======== AVAILABLE RECORDS ========
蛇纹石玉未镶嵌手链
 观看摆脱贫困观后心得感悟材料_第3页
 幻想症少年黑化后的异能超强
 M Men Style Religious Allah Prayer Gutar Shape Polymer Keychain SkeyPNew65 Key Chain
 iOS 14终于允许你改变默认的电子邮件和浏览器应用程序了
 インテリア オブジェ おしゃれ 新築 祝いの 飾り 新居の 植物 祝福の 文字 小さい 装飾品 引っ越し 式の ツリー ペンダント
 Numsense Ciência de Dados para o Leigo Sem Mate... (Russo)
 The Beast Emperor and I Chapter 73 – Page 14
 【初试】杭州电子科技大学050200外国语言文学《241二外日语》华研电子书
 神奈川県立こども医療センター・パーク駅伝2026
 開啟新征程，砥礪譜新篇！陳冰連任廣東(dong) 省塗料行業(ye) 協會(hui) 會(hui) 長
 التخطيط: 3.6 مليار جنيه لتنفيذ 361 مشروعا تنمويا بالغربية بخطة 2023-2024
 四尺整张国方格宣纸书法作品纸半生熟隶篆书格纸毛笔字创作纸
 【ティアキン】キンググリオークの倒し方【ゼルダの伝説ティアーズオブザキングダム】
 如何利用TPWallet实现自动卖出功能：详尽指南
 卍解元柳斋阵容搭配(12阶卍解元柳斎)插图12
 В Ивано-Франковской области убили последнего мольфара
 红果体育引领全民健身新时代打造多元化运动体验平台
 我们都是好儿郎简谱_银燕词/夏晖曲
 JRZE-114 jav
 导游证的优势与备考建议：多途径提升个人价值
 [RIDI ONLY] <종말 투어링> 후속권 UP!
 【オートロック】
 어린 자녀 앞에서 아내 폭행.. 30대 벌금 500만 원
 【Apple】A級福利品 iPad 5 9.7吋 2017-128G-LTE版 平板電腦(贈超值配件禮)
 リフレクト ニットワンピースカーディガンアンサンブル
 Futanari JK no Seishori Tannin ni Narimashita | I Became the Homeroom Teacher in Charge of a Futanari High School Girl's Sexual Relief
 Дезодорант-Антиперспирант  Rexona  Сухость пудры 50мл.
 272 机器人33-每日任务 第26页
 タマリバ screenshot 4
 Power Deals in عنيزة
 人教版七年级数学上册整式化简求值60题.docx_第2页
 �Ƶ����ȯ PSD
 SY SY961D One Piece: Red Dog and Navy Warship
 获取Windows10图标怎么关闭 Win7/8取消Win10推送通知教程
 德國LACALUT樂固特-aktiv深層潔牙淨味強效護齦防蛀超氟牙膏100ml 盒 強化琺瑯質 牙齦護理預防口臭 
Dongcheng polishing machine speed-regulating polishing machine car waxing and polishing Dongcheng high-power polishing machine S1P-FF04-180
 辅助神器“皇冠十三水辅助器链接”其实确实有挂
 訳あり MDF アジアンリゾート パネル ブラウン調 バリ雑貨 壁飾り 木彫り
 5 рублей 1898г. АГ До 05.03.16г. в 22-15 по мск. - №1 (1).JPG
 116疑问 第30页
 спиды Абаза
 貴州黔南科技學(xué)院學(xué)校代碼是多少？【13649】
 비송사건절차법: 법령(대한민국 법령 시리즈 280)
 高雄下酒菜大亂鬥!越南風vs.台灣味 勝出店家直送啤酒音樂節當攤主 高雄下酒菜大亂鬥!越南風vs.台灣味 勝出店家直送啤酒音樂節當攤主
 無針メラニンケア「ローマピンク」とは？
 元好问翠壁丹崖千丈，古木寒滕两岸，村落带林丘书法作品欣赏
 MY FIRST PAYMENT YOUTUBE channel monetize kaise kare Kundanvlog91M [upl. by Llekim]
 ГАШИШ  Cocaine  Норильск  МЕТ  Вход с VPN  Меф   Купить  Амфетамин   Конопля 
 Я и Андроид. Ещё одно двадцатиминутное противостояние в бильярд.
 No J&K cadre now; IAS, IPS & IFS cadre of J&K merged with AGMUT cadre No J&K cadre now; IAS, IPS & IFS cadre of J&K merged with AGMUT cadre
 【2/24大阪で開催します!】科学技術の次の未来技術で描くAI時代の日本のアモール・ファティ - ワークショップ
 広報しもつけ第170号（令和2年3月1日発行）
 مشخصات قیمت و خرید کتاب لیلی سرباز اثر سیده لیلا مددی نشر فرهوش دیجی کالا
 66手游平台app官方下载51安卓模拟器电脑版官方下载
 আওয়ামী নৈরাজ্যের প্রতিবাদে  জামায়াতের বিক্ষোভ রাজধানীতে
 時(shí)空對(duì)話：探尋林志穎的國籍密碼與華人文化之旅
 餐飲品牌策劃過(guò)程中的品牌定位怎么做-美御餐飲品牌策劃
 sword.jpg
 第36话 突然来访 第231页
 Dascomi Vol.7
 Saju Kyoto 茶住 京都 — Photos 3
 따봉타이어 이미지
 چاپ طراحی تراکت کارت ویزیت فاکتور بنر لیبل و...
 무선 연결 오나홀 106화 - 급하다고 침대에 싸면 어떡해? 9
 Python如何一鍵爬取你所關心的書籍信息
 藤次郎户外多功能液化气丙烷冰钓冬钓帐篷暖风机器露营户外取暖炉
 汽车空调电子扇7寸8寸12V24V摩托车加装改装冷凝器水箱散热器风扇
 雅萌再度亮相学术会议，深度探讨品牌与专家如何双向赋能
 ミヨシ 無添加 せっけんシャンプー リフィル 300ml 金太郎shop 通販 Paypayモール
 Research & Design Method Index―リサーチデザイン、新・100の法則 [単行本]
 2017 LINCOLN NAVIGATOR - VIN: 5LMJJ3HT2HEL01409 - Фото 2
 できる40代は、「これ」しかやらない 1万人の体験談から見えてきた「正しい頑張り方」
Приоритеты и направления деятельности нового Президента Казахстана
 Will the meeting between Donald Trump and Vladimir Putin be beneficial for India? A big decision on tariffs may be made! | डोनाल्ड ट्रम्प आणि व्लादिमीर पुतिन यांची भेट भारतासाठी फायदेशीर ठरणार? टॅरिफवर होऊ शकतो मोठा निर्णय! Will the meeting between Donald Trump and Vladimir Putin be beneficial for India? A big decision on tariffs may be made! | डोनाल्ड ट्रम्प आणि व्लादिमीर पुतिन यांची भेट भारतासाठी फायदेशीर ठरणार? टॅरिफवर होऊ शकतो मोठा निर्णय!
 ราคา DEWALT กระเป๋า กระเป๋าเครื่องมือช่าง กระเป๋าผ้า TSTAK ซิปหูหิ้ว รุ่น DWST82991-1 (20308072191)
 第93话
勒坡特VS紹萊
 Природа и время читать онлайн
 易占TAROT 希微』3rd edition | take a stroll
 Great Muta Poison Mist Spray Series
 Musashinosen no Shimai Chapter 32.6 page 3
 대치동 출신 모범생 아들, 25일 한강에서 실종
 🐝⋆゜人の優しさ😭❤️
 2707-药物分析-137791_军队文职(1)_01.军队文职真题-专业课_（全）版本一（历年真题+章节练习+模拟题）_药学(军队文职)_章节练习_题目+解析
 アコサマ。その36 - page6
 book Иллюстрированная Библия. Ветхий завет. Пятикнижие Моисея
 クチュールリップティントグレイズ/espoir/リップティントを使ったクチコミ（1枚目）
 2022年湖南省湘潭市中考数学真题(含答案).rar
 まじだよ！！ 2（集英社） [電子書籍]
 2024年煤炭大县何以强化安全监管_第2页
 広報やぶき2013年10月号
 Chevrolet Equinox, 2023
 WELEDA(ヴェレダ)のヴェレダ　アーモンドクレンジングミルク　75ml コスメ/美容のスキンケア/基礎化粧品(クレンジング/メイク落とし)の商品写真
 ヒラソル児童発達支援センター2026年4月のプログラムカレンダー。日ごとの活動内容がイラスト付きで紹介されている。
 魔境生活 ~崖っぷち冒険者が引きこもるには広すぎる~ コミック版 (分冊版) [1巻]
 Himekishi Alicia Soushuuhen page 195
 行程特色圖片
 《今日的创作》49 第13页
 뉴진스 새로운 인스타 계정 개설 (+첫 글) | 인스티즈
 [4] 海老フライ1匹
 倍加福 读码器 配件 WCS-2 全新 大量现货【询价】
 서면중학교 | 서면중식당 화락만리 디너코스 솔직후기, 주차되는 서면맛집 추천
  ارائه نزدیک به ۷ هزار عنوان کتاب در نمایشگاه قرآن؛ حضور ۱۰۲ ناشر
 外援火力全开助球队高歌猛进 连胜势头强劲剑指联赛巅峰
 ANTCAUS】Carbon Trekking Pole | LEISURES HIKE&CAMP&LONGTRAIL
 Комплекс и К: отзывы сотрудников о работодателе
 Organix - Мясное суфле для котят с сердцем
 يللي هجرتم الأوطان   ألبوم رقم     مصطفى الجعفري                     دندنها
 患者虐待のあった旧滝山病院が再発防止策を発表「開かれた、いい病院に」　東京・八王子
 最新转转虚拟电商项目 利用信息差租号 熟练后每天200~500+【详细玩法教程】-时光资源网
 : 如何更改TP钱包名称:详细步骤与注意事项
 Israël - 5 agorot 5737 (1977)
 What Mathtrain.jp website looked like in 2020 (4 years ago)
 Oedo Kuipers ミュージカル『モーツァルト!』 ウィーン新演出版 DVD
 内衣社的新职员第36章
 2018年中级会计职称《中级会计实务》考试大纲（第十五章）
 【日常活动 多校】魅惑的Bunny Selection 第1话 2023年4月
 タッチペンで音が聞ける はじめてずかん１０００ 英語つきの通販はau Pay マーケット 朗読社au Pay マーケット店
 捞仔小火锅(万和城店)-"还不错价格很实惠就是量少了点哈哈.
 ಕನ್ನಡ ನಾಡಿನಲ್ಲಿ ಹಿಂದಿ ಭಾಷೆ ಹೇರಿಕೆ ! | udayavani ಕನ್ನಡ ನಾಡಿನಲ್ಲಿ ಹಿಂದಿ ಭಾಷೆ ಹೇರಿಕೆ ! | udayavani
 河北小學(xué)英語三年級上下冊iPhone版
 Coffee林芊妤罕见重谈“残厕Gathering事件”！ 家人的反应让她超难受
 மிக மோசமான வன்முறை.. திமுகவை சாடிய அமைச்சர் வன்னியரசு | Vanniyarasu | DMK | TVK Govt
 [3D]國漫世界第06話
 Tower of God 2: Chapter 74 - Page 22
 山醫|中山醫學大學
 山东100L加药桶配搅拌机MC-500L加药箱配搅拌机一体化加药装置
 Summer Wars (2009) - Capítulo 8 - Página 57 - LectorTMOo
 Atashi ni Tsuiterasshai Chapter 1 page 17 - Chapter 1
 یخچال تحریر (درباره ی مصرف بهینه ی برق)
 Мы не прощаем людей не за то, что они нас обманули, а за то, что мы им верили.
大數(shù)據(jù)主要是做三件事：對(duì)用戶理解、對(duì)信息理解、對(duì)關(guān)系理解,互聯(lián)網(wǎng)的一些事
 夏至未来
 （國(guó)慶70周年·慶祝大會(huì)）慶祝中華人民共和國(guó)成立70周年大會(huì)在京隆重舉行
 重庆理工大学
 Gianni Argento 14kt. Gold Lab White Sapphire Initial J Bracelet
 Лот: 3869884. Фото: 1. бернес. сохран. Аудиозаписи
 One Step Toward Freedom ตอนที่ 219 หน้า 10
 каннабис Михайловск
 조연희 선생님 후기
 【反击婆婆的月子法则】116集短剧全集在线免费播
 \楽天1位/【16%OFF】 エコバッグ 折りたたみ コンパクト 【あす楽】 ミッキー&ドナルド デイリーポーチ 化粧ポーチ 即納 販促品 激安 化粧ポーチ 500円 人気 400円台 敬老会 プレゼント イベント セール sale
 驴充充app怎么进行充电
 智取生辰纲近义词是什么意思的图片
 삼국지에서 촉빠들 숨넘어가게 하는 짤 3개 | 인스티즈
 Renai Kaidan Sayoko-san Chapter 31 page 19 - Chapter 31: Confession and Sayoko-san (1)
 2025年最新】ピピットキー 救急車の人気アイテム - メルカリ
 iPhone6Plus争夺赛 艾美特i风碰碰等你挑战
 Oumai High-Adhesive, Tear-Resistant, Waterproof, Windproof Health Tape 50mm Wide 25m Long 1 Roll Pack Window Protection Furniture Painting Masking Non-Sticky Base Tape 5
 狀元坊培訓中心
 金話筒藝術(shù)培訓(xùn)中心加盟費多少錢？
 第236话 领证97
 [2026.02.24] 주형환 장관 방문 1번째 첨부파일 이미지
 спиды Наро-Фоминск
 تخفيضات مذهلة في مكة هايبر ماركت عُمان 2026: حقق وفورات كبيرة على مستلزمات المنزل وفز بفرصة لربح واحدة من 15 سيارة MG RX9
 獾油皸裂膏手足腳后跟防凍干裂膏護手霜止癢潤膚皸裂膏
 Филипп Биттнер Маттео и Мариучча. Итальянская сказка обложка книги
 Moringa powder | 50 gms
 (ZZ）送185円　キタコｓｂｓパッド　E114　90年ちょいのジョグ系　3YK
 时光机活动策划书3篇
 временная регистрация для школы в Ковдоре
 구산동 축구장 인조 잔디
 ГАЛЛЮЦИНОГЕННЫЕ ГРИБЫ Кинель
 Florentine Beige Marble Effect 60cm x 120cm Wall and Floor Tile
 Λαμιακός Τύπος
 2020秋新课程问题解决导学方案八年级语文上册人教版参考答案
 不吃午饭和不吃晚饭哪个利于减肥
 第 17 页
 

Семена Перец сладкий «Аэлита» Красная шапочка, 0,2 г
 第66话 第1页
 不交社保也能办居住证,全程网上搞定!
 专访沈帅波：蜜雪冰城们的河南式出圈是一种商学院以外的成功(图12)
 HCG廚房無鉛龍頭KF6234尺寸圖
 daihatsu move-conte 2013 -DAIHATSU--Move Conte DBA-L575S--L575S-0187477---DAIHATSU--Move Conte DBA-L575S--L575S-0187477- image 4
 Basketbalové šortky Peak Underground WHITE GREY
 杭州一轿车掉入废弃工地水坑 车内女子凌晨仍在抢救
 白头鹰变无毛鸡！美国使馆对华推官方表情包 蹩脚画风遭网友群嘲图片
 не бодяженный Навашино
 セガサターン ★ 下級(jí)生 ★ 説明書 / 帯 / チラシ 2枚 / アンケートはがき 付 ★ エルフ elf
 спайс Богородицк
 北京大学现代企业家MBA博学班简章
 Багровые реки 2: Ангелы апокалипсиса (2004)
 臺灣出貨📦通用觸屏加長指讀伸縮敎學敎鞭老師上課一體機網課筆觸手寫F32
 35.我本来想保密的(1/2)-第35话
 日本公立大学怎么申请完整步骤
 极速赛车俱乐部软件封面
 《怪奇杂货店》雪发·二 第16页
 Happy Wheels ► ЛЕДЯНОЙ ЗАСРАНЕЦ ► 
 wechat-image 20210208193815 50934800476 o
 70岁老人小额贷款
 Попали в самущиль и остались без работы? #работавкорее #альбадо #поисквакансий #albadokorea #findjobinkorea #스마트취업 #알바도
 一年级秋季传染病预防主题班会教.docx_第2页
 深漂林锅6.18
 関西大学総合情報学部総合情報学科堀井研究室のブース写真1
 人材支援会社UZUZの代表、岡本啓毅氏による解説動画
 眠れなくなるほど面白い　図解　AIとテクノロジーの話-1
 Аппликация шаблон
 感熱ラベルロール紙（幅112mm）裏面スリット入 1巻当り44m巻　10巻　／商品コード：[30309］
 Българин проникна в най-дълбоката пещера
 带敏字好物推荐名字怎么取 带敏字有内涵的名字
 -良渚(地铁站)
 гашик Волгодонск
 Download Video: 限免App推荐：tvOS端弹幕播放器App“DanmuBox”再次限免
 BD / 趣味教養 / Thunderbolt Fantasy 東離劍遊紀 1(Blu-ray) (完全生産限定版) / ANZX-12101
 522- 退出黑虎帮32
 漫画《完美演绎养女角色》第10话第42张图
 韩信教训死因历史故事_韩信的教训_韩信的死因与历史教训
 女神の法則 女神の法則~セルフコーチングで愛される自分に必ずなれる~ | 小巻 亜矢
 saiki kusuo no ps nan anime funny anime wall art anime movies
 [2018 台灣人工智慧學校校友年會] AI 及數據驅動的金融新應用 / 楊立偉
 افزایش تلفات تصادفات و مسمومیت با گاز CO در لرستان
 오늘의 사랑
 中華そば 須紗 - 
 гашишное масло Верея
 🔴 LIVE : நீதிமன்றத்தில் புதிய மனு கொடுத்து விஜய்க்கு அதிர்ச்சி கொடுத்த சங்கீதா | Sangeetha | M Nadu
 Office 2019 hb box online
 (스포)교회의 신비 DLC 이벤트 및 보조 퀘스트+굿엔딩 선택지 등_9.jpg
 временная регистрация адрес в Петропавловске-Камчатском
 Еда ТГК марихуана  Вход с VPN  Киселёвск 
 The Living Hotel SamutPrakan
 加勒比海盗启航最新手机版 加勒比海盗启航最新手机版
========
WHAT TO WORK ON: Look above for the line holding "北京大学现代企业家MBA博学班简章". Print it and every line after it, exactly, through the line holding "гашишное масло Верея".

RESULT BELOW:
 北京大学现代企业家MBA博学班简章
 Багровые реки 2: Ангелы апокалипсиса (2004)
 臺灣出貨📦通用觸屏加長指讀伸縮敎學敎鞭老師上課一體機網課筆觸手寫F32
 35.我本来想保密的(1/2)-第35话
 日本公立大学怎么申请完整步骤
 极速赛车俱乐部软件封面
 《怪奇杂货店》雪发·二 第16页
 Happy Wheels ► ЛЕДЯНОЙ ЗАСРАНЕЦ ► 
 wechat-image 20210208193815 50934800476 o
 70岁老人小额贷款
 Попали в самущиль и остались без работы? #работавкорее #альбадо #поисквакансий #albadokorea #findjobinkorea #스마트취업 #알바도
 一年级秋季传染病预防主题班会教.docx_第2页
 深漂林锅6.18
 関西大学総合情報学部総合情報学科堀井研究室のブース写真1
 人材支援会社UZUZの代表、岡本啓毅氏による解説動画
 眠れなくなるほど面白い　図解　AIとテクノロジーの話-1
 Аппликация шаблон
 感熱ラベルロール紙（幅112mm）裏面スリット入 1巻当り44m巻　10巻　／商品コード：[30309］
 Българин проникна в най-дълбоката пещера
 带敏字好物推荐名字怎么取 带敏字有内涵的名字
 -良渚(地铁站)
 гашик Волгодонск
 Download Video: 限免App推荐：tvOS端弹幕播放器App“DanmuBox”再次限免
 BD / 趣味教養 / Thunderbolt Fantasy 東離劍遊紀 1(Blu-ray) (完全生産限定版) / ANZX-12101
 522- 退出黑虎帮32
 漫画《完美演绎养女角色》第10话第42张图
 韩信教训死因历史故事_韩信的教训_韩信的死因与历史教训
 女神の法則 女神の法則~セルフコーチングで愛される自分に必ずなれる~ | 小巻 亜矢
 saiki kusuo no ps nan anime funny anime wall art anime movies
 [2018 台灣人工智慧學校校友年會] AI 及數據驅動的金融新應用 / 楊立偉
 افزایش تلفات تصادفات و مسمومیت با گاز CO در لرستان
 오늘의 사랑
 中華そば 須紗 - 
 гашишное масло Верея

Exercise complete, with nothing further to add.